Politik bahasa yang dipakai oleh Pak Prabowo semakin menguatkan penelitian terdahulu yang menjelaskan bahwa pergantian elite mengandung implikasi pergantian bahasa. Rahmat (1993) dalam “Komunikasi dan Perubahan Politik di Indonesia” menjelaskan bahwa penguasa mendefinisikan segala hal untuk merugikan yang kurang berkuasa. Bagi Aristoteles, hal ini mengarah pada wacana politik yang menunjukkan The Rule of One.

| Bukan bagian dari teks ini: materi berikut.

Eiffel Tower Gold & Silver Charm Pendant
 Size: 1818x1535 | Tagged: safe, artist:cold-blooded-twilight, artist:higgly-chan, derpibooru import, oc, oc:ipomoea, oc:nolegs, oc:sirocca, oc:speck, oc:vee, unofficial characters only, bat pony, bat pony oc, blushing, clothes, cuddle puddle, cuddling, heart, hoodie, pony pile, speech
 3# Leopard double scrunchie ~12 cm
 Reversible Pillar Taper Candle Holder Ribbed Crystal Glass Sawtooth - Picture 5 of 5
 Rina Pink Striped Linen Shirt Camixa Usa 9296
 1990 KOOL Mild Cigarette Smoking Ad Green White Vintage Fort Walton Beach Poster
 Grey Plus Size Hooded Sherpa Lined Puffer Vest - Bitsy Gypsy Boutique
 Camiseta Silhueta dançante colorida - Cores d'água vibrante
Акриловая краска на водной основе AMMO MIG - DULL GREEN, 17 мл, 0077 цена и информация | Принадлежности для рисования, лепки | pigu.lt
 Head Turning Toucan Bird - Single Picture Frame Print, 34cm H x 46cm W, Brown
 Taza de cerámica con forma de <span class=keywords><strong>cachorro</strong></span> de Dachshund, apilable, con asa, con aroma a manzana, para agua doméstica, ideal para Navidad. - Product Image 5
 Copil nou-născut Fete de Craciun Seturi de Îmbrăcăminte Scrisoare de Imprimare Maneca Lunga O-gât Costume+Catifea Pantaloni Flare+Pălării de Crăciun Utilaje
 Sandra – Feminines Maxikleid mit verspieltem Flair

Selain itu, penggunaan istilah efisiensi pada kepemimpinan kali ini, memperkuat pernyataan Herbert Luethy yang menjelaskan bahwa para pemimpin bangsa Indonesia dari waktu ke waktu cenderung menunjukkan bahasa Indonesia sebagai bahasa sintesis. Mereka secara terang-terangan meminjam istilah asing tanpa mengerti terminologis teknis. Istilah efisiensi yang dipakai justru tidak akan menyebabkan keberhasilan terkait usaha dan tindakan yang dilakukan, tetapi dapat membawa kemunduran dalam berbagai bidang. Di bidang pendidikan, sejak awal masyarakat sudah dibayangi-bayangi untuk tidak mencapai pendidikan tinggi.